Now there comes up another problem: If units can be turned on or off, the component interface (I/O pin layout) will change. VHDL does not have any preprocessing functionality for the full power of conditional compilation, however, every decent developer system has a program which can do: The C preprocessor.

So for the top level SoC module which directly instances the peripheral I/O module with a conditional pin mapping, we use VHDL code decorated with the #ifdef statements known from C. These VHDL files have a .chdl suffix. In the Makefiles, there is simply a rule to convert this .chdl file to .vhdl. Done.

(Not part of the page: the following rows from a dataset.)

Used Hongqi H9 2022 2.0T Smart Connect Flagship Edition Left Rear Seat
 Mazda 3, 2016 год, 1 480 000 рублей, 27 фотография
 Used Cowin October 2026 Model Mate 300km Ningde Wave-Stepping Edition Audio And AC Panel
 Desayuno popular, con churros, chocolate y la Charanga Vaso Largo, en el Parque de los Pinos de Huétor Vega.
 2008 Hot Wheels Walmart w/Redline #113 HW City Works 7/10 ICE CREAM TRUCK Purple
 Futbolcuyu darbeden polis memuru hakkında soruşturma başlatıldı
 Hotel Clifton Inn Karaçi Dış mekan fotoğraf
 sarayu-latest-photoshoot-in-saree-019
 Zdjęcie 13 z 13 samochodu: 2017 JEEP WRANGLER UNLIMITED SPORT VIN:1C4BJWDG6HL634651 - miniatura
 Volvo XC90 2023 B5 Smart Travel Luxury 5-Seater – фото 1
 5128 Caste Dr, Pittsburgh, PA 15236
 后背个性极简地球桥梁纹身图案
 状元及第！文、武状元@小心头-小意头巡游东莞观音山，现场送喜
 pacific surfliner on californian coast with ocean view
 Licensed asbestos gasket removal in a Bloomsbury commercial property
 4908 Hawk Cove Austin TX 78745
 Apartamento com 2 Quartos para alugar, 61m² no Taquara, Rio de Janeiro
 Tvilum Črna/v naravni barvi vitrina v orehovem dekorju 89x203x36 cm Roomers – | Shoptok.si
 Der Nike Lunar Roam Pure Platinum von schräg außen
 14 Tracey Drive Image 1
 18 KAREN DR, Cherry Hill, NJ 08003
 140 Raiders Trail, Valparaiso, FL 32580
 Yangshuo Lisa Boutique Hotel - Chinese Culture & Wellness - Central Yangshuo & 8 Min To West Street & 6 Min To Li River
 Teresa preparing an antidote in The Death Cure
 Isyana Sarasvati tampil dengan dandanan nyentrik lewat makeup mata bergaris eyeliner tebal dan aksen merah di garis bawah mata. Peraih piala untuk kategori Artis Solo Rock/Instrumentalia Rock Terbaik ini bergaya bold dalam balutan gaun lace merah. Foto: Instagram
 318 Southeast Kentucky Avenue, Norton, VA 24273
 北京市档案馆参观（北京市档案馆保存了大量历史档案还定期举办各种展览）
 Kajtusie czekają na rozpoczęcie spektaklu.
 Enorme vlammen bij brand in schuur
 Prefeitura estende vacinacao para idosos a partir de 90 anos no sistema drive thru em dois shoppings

We just need to figure out the proper Makefile rules and make sure everything is resynced to source files changes upon calling a “make all”.

The real stuff

So, how does it work?


When you call the classic “make menuconfig” inside our SoC project, you would see the above configuration screen. Everything else works pretty much linux’ish.

For defining new hardware peripherals, you still have to do a few redundant extra steps:

  1. Edit the XML file with the register map of the peripheral
  2. Define the peripheral address mapping in the XML file
  3. Add the configuration options to the perio/Kconfig file, just like in Linux
  4. Adapt the kconfig->VHDL makefile script (
  5. Of course: Implement the core for your peripheral to be instanced by the soc_mmr_perio module.

Step (4) could be simplified by writing a specific VHDL backend for kconfig. This is just “nice to have”, so maybe someone else would want to step in?

devdesc/XML for hardware

netpp/devdesc is close to having its 10th birthday. It’s our own XML language to describe devices and has been in service for quite a bit for Internet of Things applications. It turned out that not only existing hardware can be described with it, but a full SoC design can be generated at very little overhead. The gensoc tool, making heavy use of netpp technology, creates the full peripheral module including decoders and peripheral instances (like UART0, UART1, PWM, …) from a system description XML file.

As mentioned, we don’t want to write plenty of similar looking XMLs for each SoC variant. It is much easier to decorate the existing XML which contains all HW definitions with processing commands. Their purpose is, to only emit XML nodes to a specific target description when the corresponding CONFIG_<module> variable is set.

In short, we create a stripped down XML file, describing the specific target, from a XML family file containing the whole peripheral superset. The Target XML file is then used to generate the HDL via gensoc.

The software side

Every SoC of course has some built-in software – a bootloader or a bare metal program doing stuff. This code is typically written in C or assembly and makes quite some happy usage of the kconfig output as well. For instance, an “autoconf.h” header is exported that contains all the macro defines for the configuration. So you can enable test routines or hardware drivers as usual.

Every SoC should come with proper debugging features. It helps a lot, when developing new SoC peripherals and drivers, to make use of some regression testing scripts that can run inside GDB or as a remote procedure call solution inside the simulation.

For example, we use the same framework to generate a wrapper such that all peripheral registers can be accessed through a python script, like:


for i in range(100):

This is rather exclusive to the simulation, when running on the target, writing GDB scripts is typically the best option.

The python script does not have to be aware of any hard addresses, so testing systems can be set up for entire families of SoCs with differing address bases. For a specific hardware target however, the GDB scripts containing the register mappings have to be explicitely regenerated.


The kconfig tool boosts the SoC development quite a bit and makes things really clean and more robust. The entire system with the XML description is still a bit from being perfect, but it just works on plenty of platforms using the typicall (free) developer tools.